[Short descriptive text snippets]
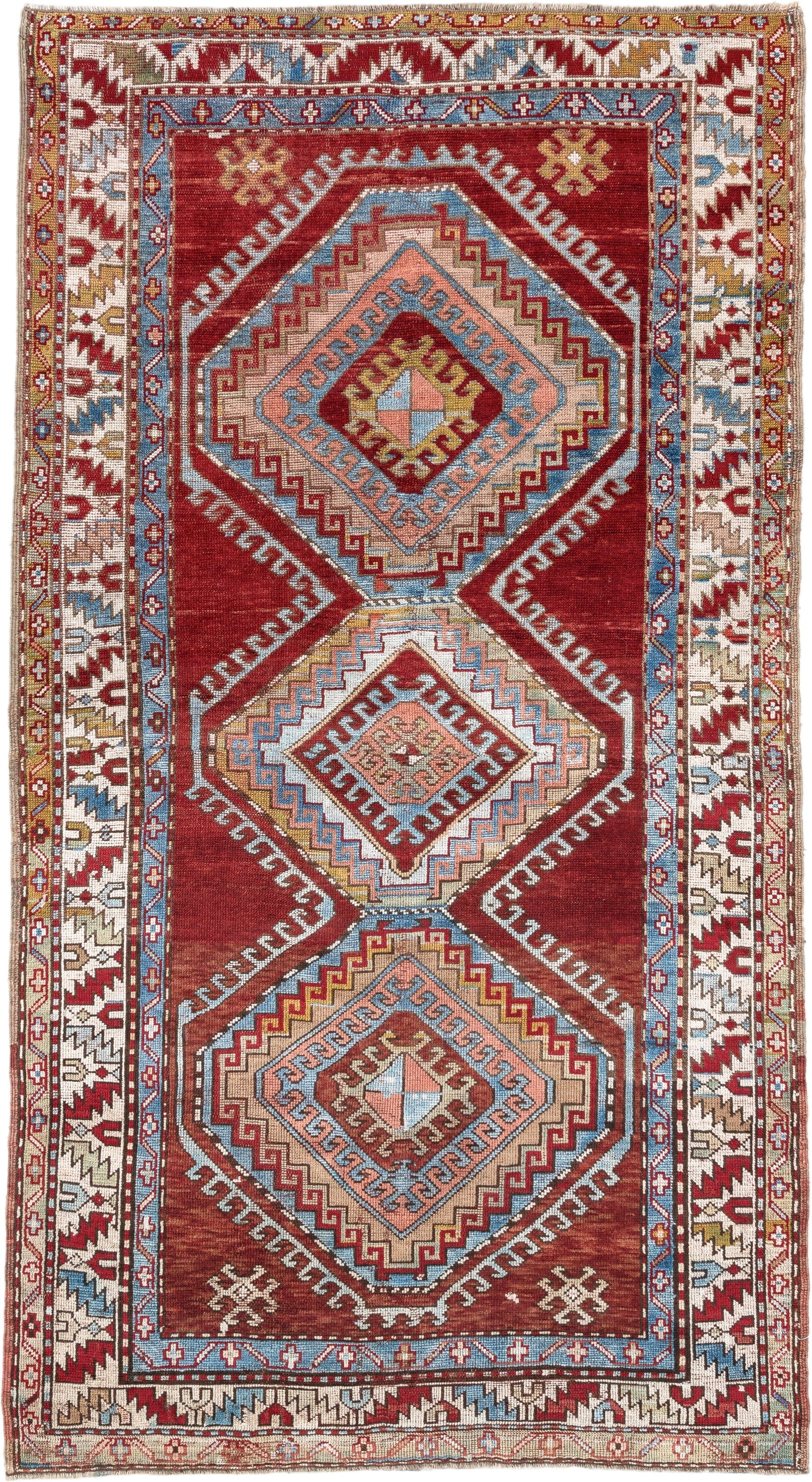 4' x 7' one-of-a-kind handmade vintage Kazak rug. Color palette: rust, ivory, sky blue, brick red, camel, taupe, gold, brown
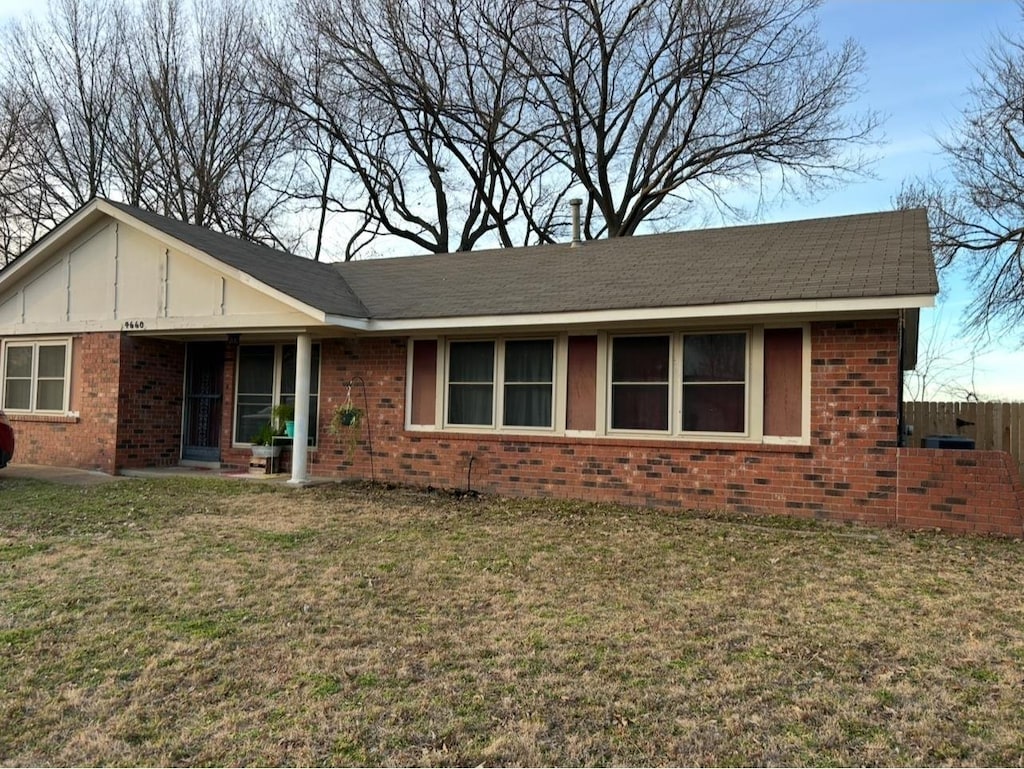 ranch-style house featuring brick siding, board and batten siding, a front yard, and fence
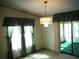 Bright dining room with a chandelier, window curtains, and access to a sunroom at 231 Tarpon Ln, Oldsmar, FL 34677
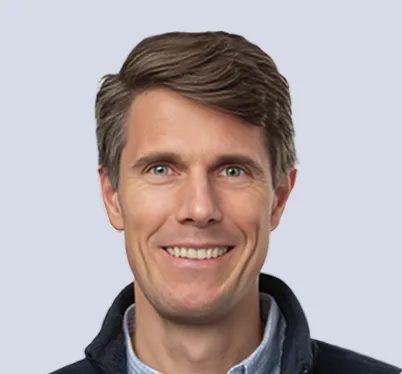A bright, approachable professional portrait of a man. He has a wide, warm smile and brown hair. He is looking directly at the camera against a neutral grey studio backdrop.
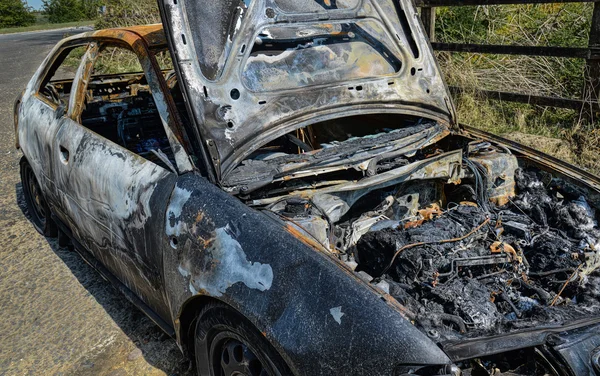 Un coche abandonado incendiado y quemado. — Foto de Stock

▸ **What you should do**
Once the line containing "Bright dining room" is found, it and every line through the end of the records above should be output exactly, with no pictures.

▸ **Answer box**
 Bright dining room with a chandelier, window curtains, and access to a sunroom at 231 Tarpon Ln, Oldsmar, FL 34677
A bright, approachable professional portrait of a man. He has a wide, warm smile and brown hair. He is looking directly at the camera against a neutral grey studio backdrop.
 Un coche abandonado incendiado y quemado. — Foto de Stock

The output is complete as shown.